Invariants and contracts

  • INPUT_DATA_DIR must be set before invoking the CLI. The config helper raises RuntimeError when it is unset (DESIGN.md Clause 6). features_dir defaults to {INPUT_DATA_DIR}/features/ and run_dir_base to {INPUT_DATA_DIR}/runs/.

  • Features must be pre-built. Hindcast does not build features — that is the job of cli run features. Preflight checks fit.parquet and pred.parquet exist before any compute starts (DESIGN.md Clause 31).

  • _create_run_root (run_hindcast.py:77) is the single point that sets config.models_dir and config.preds_dir; all subsequent stages derive paths from those fields.

  • Walk-forward folds use ExpandingFoldGenerator from run/experiment_protocol.py. Training data for fold k is strictly year < k — no future leakage.

  • The production fold is always named "production" and trains on all available data. It is accessed via ExperimentResult.production, not via ExperimentResult.hindcast_slices.

  • _persist_included is called before the walk-forward loop. The per-fold predict calls load included_geo_identifiers.txt via ExperimentResult; the file must exist before the first fold attempts to score.

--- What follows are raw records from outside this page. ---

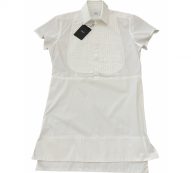 Ports 1961 white Cotton Shirts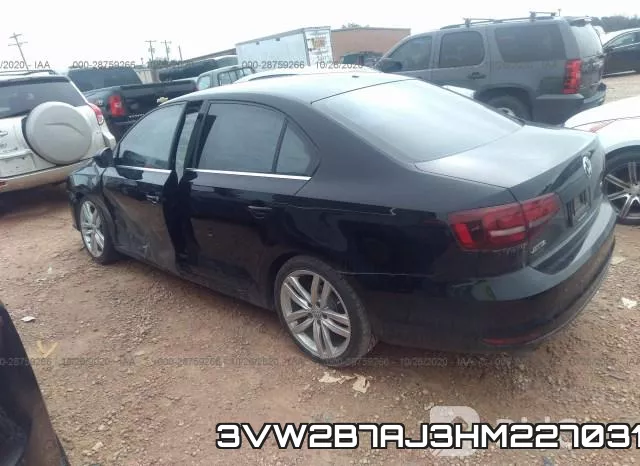 3VW2B7AJ3HM227031 фото 3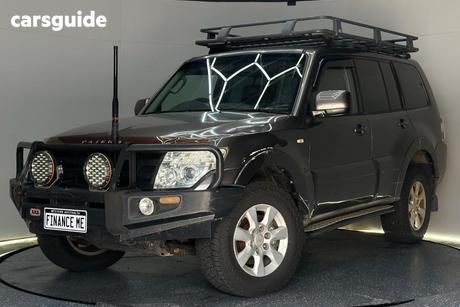 Brown 2009 Mitsubishi Pajero Wagon Glx Lwb (4X4)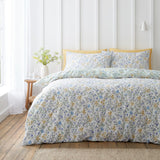 Bianca Fine Linens Ditsy Floral Duvet Cover Set - Ditsy Floral Green Duvet Set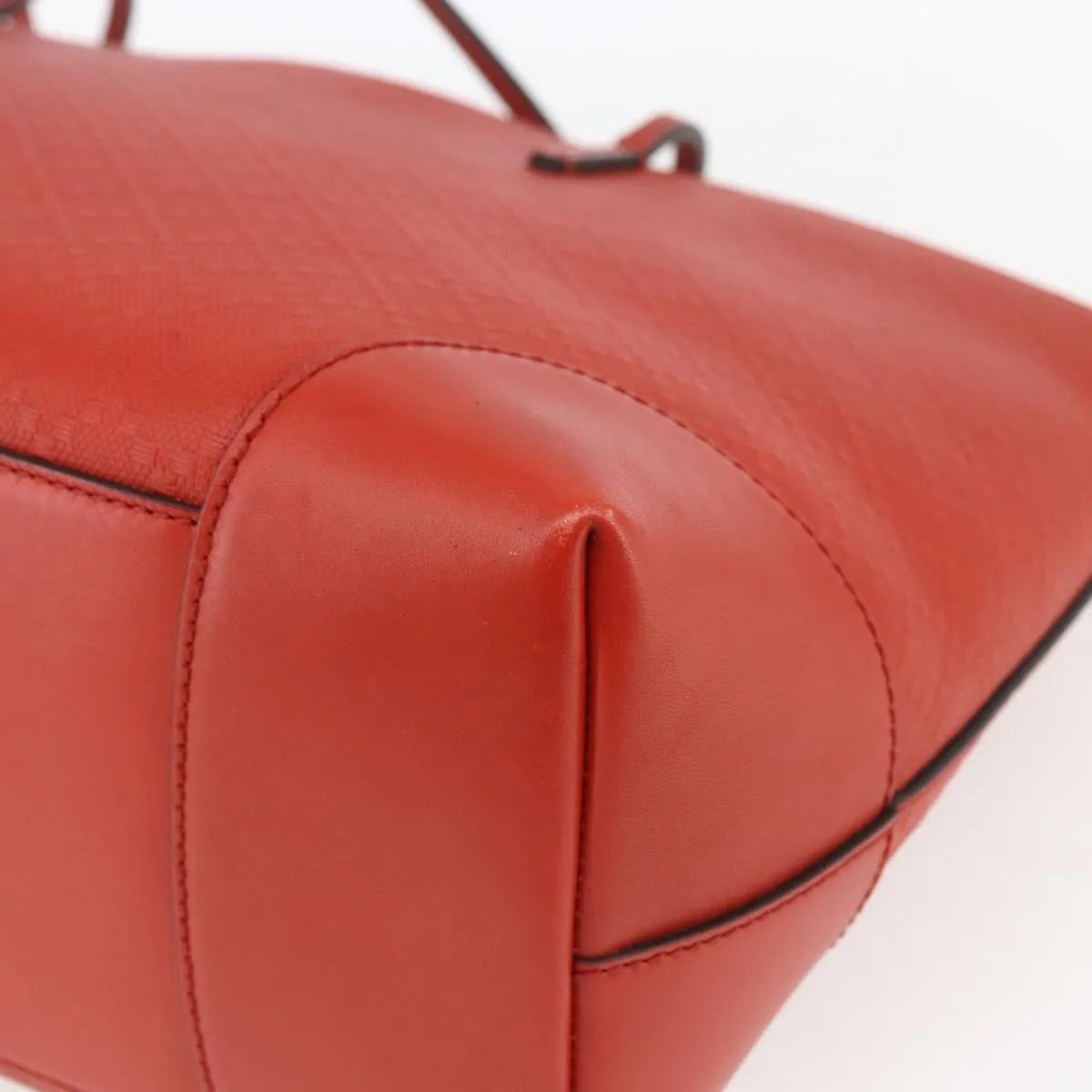 Gucci Bright Tote Diamante Leather, Red, Leather, Tote Bag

  • Postprocess writes per-mode calibration parquets at {run_dir}/conformal/{mode}.parquet (DESIGN.md artefact contract, Clause 34). These are the inputs to the forecast pipeline's conformal interval machinery.

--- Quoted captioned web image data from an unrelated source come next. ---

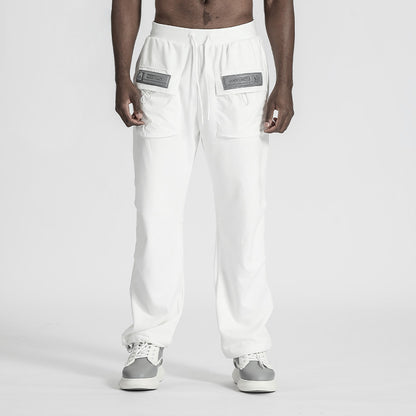 Minimalist Warrior Sweatpants With Adjustable Drawstring For men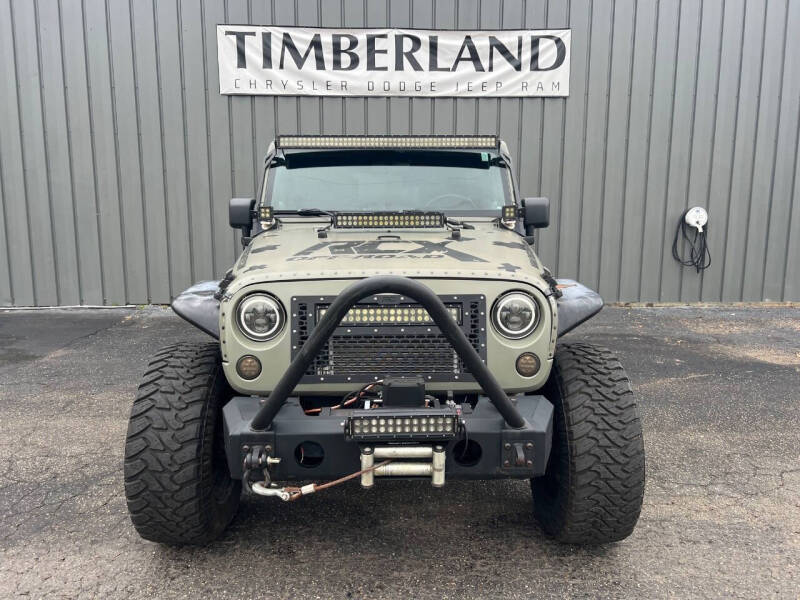 2007 Jeep Wrangler Unlimited Rubicon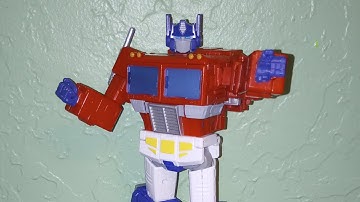 Transformers Studio Series 86 Commander Class Optimus Prime Transformation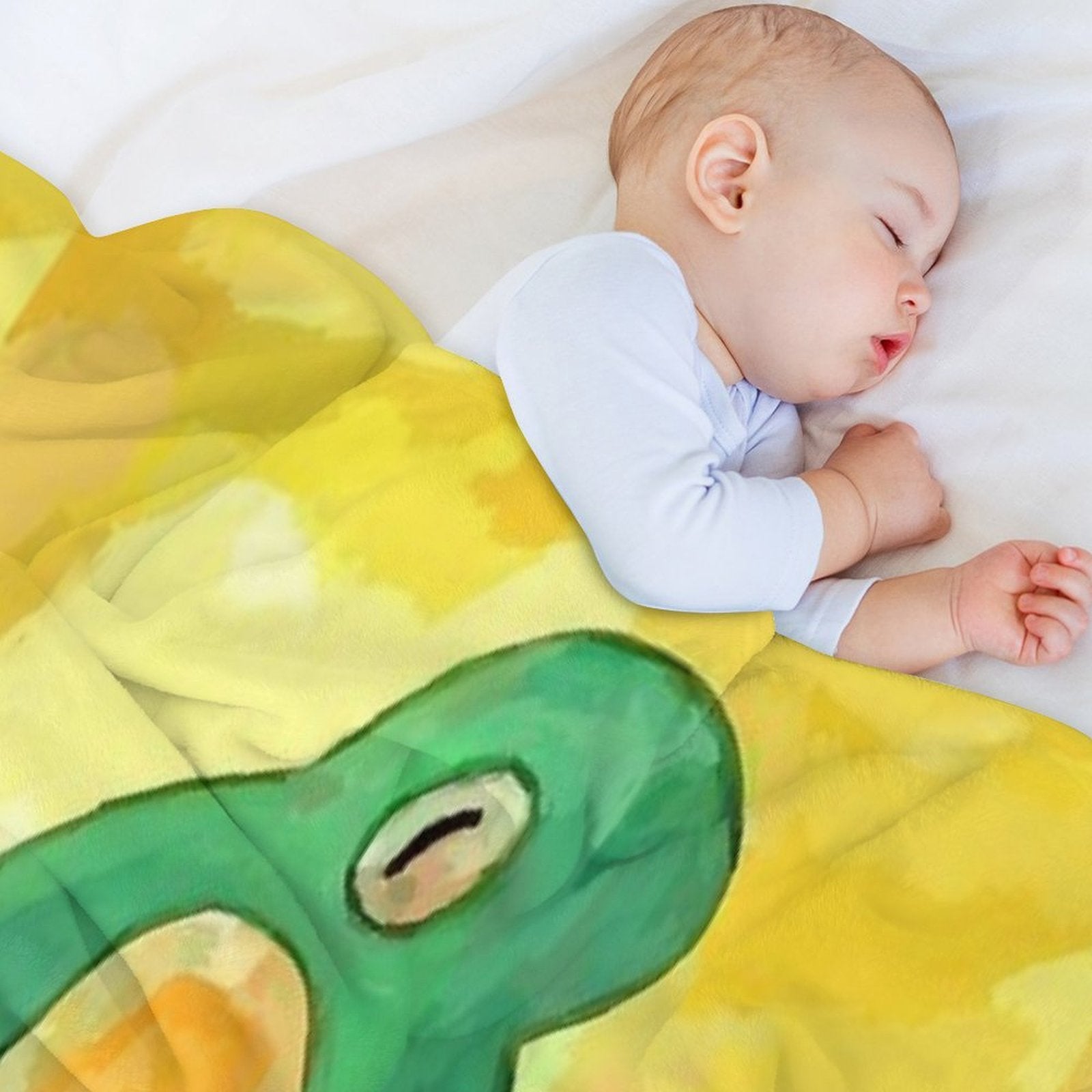 Bold And Brash Art - Iconic SpongeBob SquarePants Design Sustainable Throw Blanket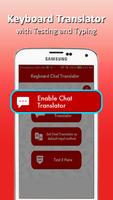 Indonesian English Chat & Text Translator Keyboard poster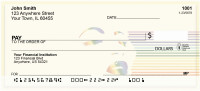 Dreaming In Color Personal Checks | QBR-13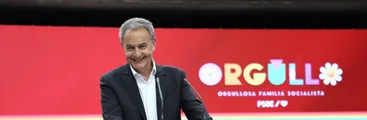 ZP es José Luis Rodríguez Zapatero, ex presidente de gobierno en España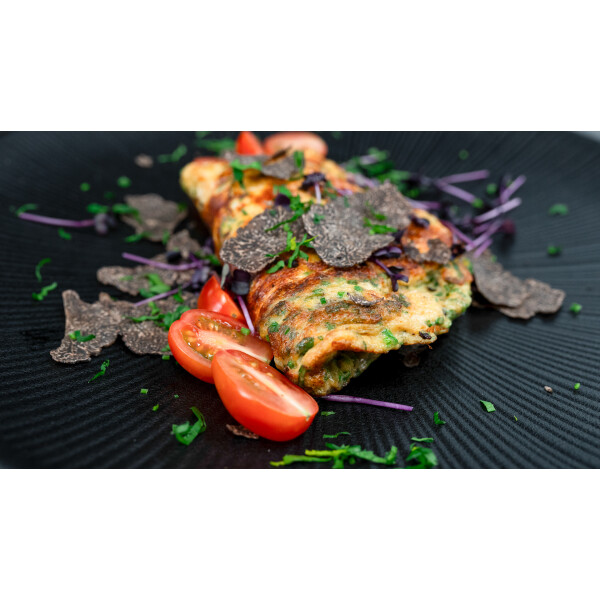 Omelett Rezept mit Trüffel - Omelett Rezept mit Trüffel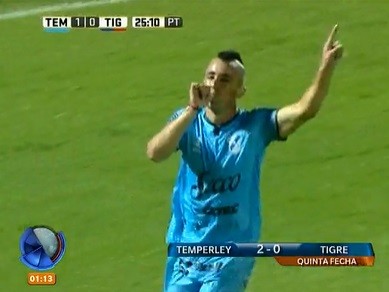 En duelo de necesitados, Temperley le ganó a Tigre 2 a 0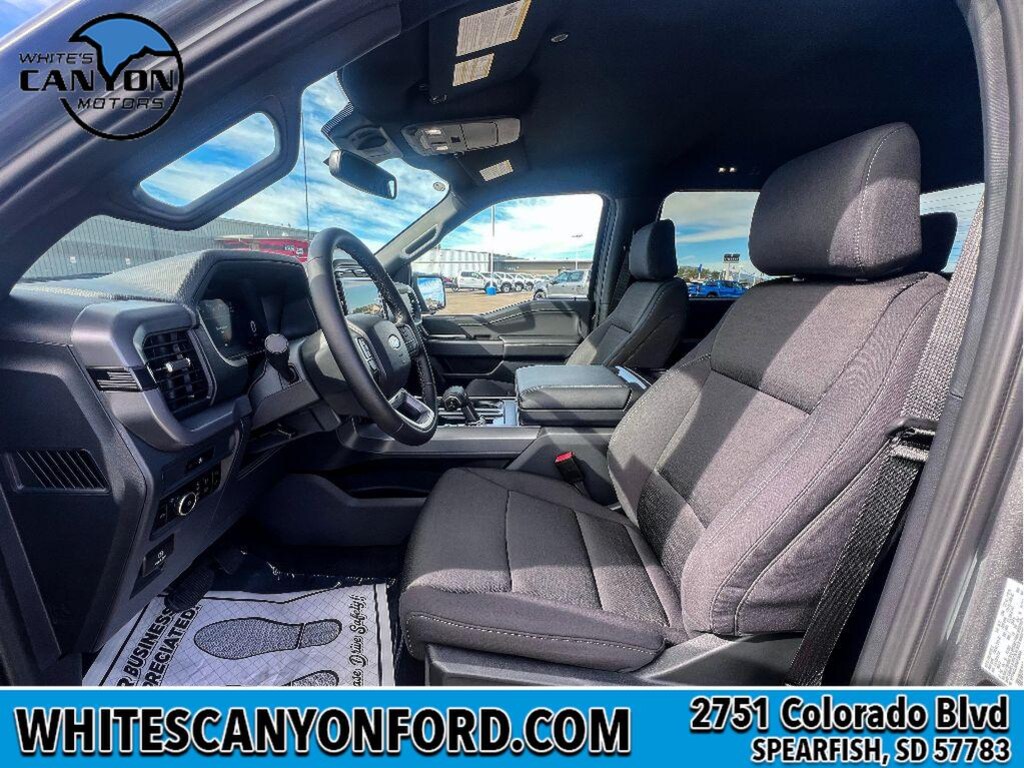 New 2025 Ford F-150 XLT Truck SuperCrew Cab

  • Area-weighted aggregation is mandatory throughout (DESIGN.md clause on unweighted means being forbidden). aggregate_weighted_frame is the only legal ADM rollup.

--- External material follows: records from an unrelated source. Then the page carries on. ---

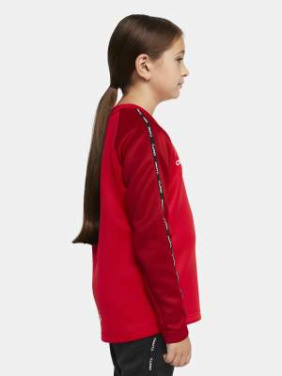 Squad 2.0 Crewneck Jr, Bright Red-Express - Craft (4)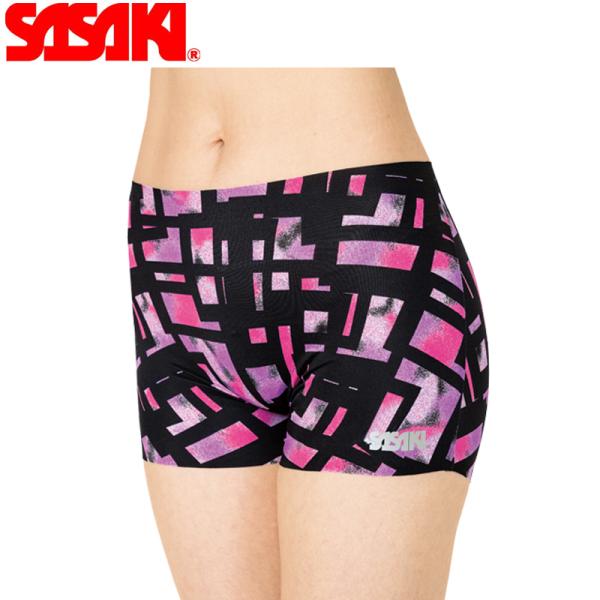 SASAKI ササキスポーツ シームレス1.5分丈スパッツ (SG-1271HL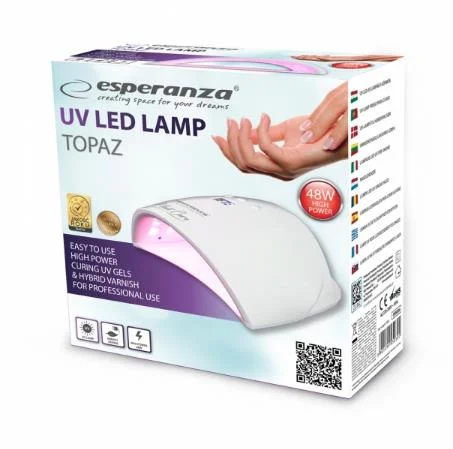 Secador Ultravioleta 48w Profissional P/ Unhas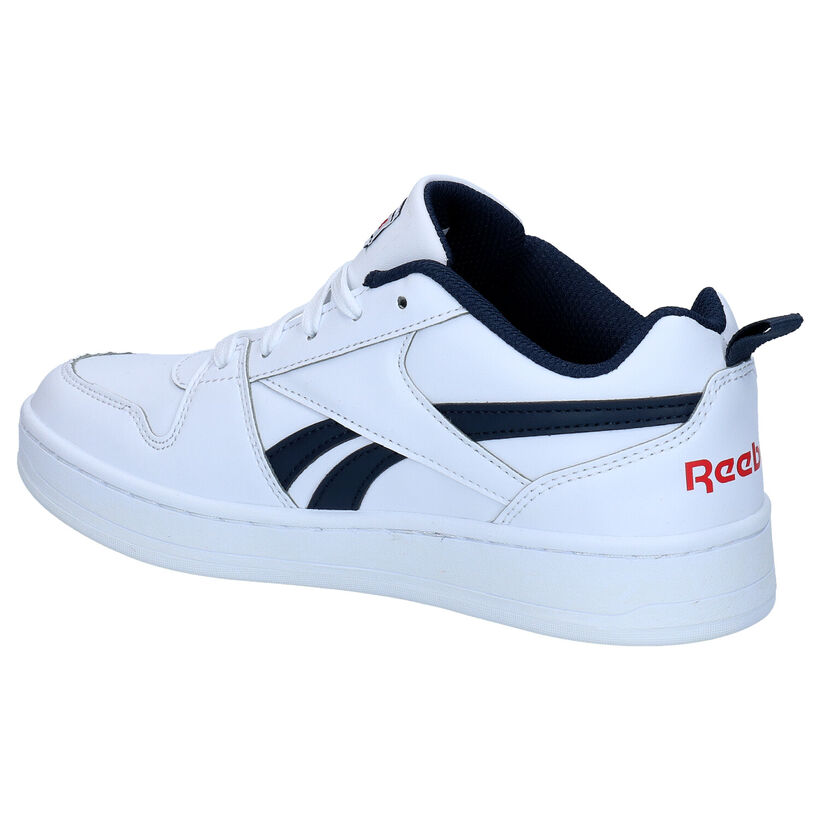 Reebok Royal Prime Witte Sneakers in kunstleer (277006)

Failure modes and recovery

Symptom Cause Recovery
SystemExit on fit.parquet / pred.parquet Features not yet built Run make features EXPERIMENT_KEY=<key> or cli run features
RuntimeError: INPUT_DATA_DIR not set Env var missing at config load Export INPUT_DATA_DIR before invoking the CLI
OperationalError from MLflow Two hindcast runs for the same commodity in parallel write to the same SQLite DB Run same-commodity hindcast pipelines sequentially (project MEMORY.md)
Run fails mid-fold Transient error (disk, network) after artefacts were written Identify the last successful fold from preds/{key}/, delete partial artefacts for the failed fold, and rerun cli run hindcast
KeyError in MedianImputer.transform at predict time feature_fill_values.parquet was written with a RangeIndex (pre-Clause-30 artefact) Delete the affected fold directory and rerun
FileNotFoundError at postprocess on walk_forward_preds.parquet Walk-forward phase did not complete Rerun the full hindcast; individual fold recovery requires deleting partial fold outputs
CI widths unexpectedly narrow in_sample_pooled calibration mode active Switch forecast.residual_mode to an OOS mode and re-run cli run postprocess

Cross-references

Entities: - ExperimentConfig — carries all path, model, and protocol config - RunDir — the on-disk persistence root; sole cross-stage contract - ExperimentResult — aggregate root loaded from run_dir - HindcastSlice — per-fold artefact handle - CalibrationResult — conformal calibration sidecar - HindcastDelivery — validated delivery document

Constituent pipelines: - preflight, feature_build, fit, predict, postprocess, evaluate, deliver

Concepts: - walk_forward_cv — fold scheduling and expanding-window semantics - experiment_protocolExpandingFoldGenerator and fold types - conformal_modes — four residual-mode variants - hindcast_vs_forecast — why hindcast and forecast are separate pipelines - input_data_dir_contract — env var contract

Source pages: - stagesrun_hindcast.py role in the stage DAG - orchestrationrun/runner.py and run/experiment_protocol.py - libExperimentResult, HindcastSlice loading helpers

PRs that materially changed this stage

  • PR #339 — nine-phase restructure that established the current run_hindcast.run skeleton with _run_walk_forward_phase and _run_production_fit_phase as separate private helpers.
  • PR #345 (tl/fix-path-issues) — added AnyPath-based path resolution so S3 URIs work correctly throughout the orchestrator (DESIGN.md Clause 27).
  • PR #361 — introduced four ResidualMode variants and per-mode conformal sidecar parquets; updated postprocess_experiment call in run_hindcast.run.
  • PR #369 (f5399b96) — multi-year forecast support; restructured forecast paths from forecast/{init_date}/ to forecast/{season_year}/{init_date}/ — touched RunDir layout and ForecastSlice path semantics, which run_hindcast consumes indirectly via ExperimentResult.